It's understandable that the prospect of $7500 off the price of a new car gets huge attention among shoppers, dealers, and carmakers. But on an average new-vehicle price of more than $47,000 (as of December), cutting the price of an EV battery pack substantially will likely have more impact.

We can't know how the battery-production incentives will play out in real life. The rules are still being finalized. We don't know, for instance, whether existing cell plants (e.g. Tesla's Gigafactory in Nevada, an LG Chem plant in Michigan) will qualify.

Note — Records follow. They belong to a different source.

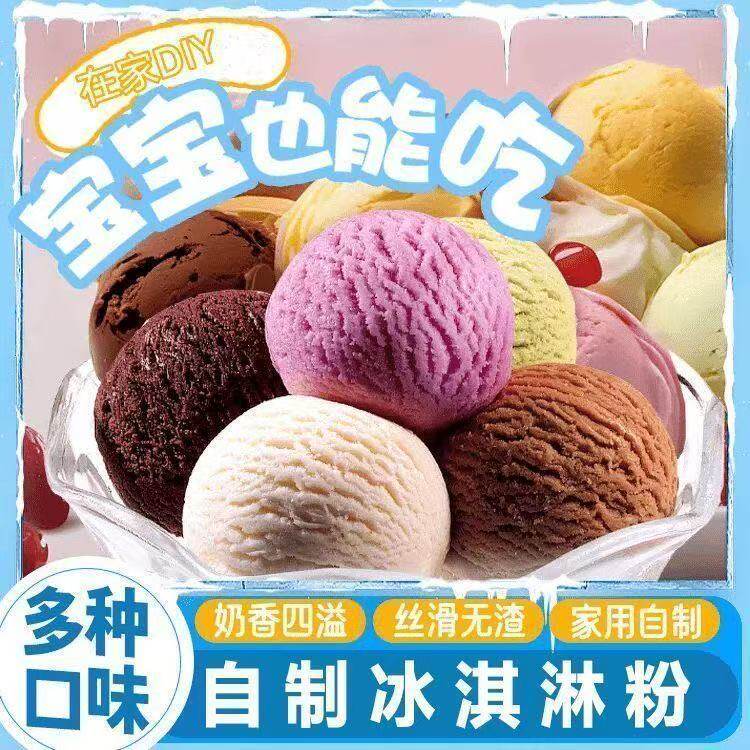 冰淇淋粉家用商用自制冰淇淋雪糕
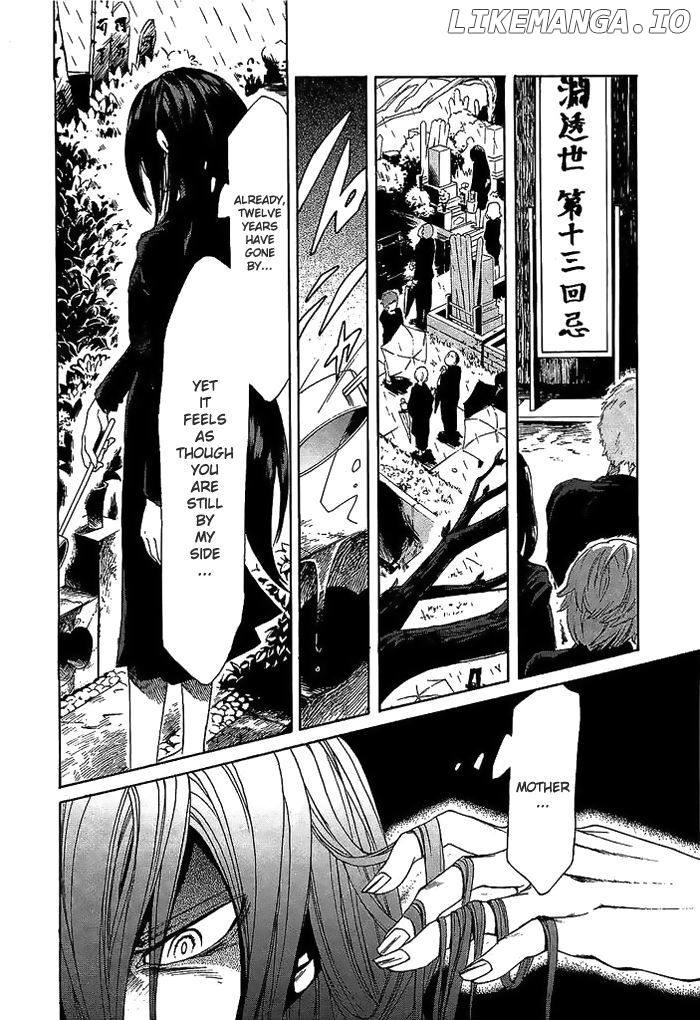 Kasane - Manga chapter 7 - page 3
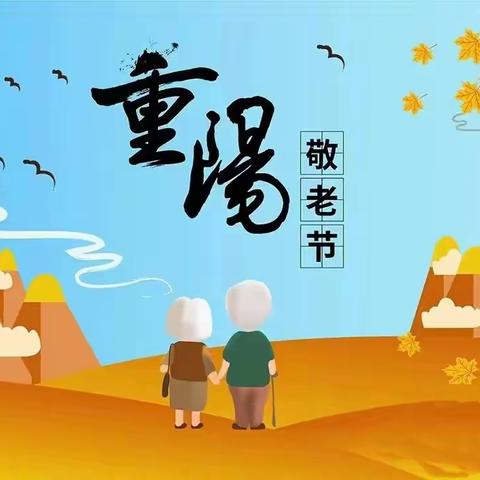 爱满重阳，孝润童心——开方口幼儿园中班重阳节主题系列活动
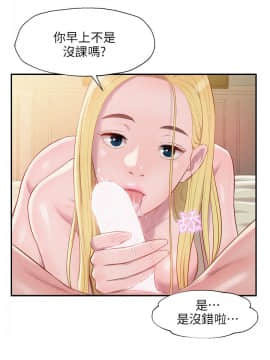 新生日记 01-61話[完結]_0915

More crucial to consumers, we can't predict how the savings will be used by automakers. If most EV models built in the U.S. today break even at best, undoubtedly battery makers will want to increase their margins—making it easier to build new plants and boost volume. At the same time, car companies may use some of the reduction in battery cost to boost EV profits to the same level as those on gasoline vehicles.

By now, the EV transition is not just ongoing, but accelerating. Carmakers will want every opportunity to make their EVs competitive in the market—and lowering prices is a classic way of doing just that. Still, while you may see a lot of analysis about possible effects, it's too early to know how these battery-production incentives will affect consumer EV prices.

If you take away one main point, it should be this: Sure, a $7500 consumer rebate on a qualifying new EV is nothing to sneeze at. But that's not the most important EV-related part of the “IRA” by a long shot. Five to 10 years hence, carmakers have a huge opportunity to make much, much cheaper EVs. That's the real goal.